Using Cloud Storage

Introduction

Using some form of cloud storage has become a common use case with services provided by external parties, such as Amazon S3, Google Cloud Storage or Azure Storage.

Letting our command-line tools read from cloud storage is done by simply providing the URLs to the content as input. Authentication can be added as outlined in Authenticate requests to AWS S3.

However, writing to cloud storage in an optimal way is a little more complex. This guide will cover writing directly to AWS S3, Google Cloud Storage and Azure Blob storage.
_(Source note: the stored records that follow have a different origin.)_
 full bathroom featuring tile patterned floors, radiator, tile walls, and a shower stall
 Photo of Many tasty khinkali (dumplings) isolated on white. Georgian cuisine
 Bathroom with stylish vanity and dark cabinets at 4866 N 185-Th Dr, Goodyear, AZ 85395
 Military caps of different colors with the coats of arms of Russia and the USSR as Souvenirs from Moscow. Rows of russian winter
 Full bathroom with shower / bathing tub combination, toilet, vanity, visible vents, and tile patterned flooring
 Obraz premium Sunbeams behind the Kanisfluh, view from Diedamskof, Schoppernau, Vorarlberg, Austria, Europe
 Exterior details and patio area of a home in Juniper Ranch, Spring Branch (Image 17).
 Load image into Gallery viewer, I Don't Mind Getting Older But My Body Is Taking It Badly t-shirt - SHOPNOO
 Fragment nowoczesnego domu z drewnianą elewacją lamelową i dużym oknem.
The approach described here pipes the output of our command-line tools to the native tools provided by these platforms to guarantee the best interoperability and other benefits:

  • Orthogonal between cloud vendors (it works the same)
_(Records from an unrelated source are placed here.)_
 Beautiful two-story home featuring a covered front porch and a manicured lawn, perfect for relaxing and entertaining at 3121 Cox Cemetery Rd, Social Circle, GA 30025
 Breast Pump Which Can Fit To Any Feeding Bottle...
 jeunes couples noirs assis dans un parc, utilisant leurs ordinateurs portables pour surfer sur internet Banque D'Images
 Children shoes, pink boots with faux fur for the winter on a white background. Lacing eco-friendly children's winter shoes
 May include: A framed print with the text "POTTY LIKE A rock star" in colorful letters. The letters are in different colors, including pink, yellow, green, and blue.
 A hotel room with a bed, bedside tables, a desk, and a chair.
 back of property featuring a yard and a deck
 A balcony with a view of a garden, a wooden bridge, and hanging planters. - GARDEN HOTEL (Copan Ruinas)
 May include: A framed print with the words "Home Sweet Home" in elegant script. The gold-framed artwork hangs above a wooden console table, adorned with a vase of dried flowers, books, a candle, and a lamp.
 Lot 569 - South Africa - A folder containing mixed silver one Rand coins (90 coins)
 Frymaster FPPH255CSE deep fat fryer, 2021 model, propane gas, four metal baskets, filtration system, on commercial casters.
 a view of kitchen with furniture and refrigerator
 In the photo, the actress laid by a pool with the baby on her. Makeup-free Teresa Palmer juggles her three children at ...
  • Agnostic to chosen architecture (it works anywhere, from on-prem hardware to cloud to hybrid/multi cloud)

  • Streaming: not having arbitrary file limits when for instance using PUT

  • Scalable: adding or removing processing entities based on load

  • Separation of concern: each cloud vendor supports their own tooling (and can be asked about it)

  • Being failsafe and able to handle error situations

  • Not implement any proprietary protocols but use standard practice

Amazon S3 (Simple Storage Service)

To write the output of mp4split directly to S3 we use the AWS CLI.

Linux distributions typically have this available as a prebuilt package, although often these are outdated versions. Updating to the latest recommended AWS CLI version 2 is relatively simple, as shown on the installation page.

To manipulate resources on S3, you use the aws s3 subcommand, which has many sub-commands. To download or upload files, you use the aws s3 cp sub-command.

Why we use Amazon S3 Multipart Uploads

We prefer to upload in "streaming" mode, which means that our tools produce chunks of data, and upload these chunks as they become available. This means that no temporary files are required, and data that already has been uploaded can be discarded on the client side.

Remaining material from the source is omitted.